Collaborators on the research included first author Eric Blackstone, a graduate research assistant in Roth’s laboratory and a member of the joint Fred Hutchinson/University of Washington Molecular and Cellular Biology Program; and co-author Mike Morrison, Ph.D., a staff scientist in Roth’s lab.
Clinical applications of induced metabolic hibernation could include treating severe blood-loss injury, hypothermia, malignant fever, cardiac arrest and stroke.
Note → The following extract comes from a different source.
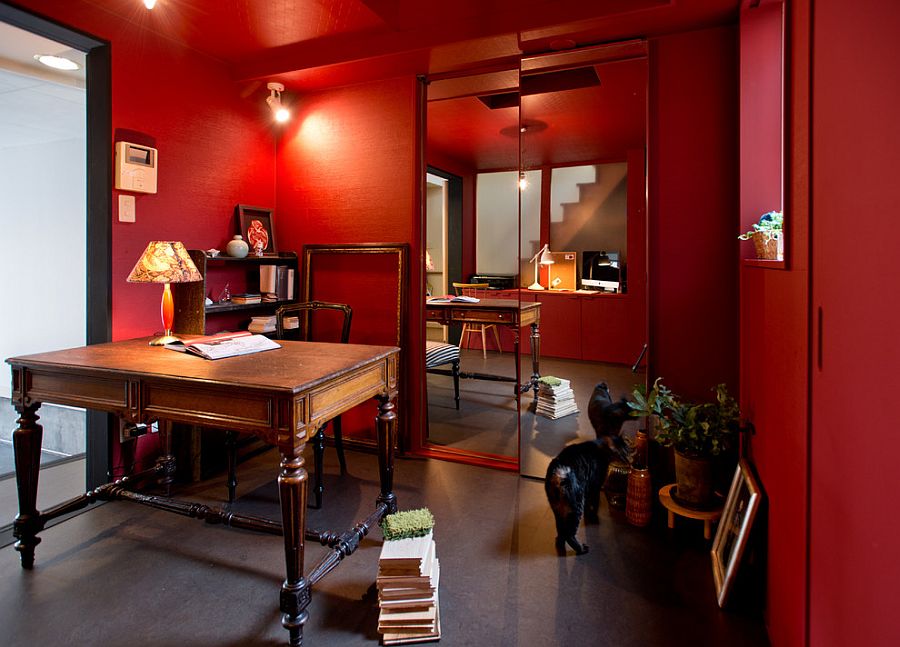Как оформить домашний офис в красном: хороший пример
The potential medical benefits also include improving cancer treatment by allowing patients to tolerate higher radiation doses without damaging healthy tissue. Cancer cells, Roth explained, aren’t dependent on oxygen to grow. As a result, they are more resistant to radiation than surrounding healthy cells, which need oxygen to live. Roth hypothesizes that temporarily eliminating oxygen dependence in healthy cells could make them a less-vulnerable target for radiation and chemotherapy and thus spare normal tissue during high-dose cancer therapy.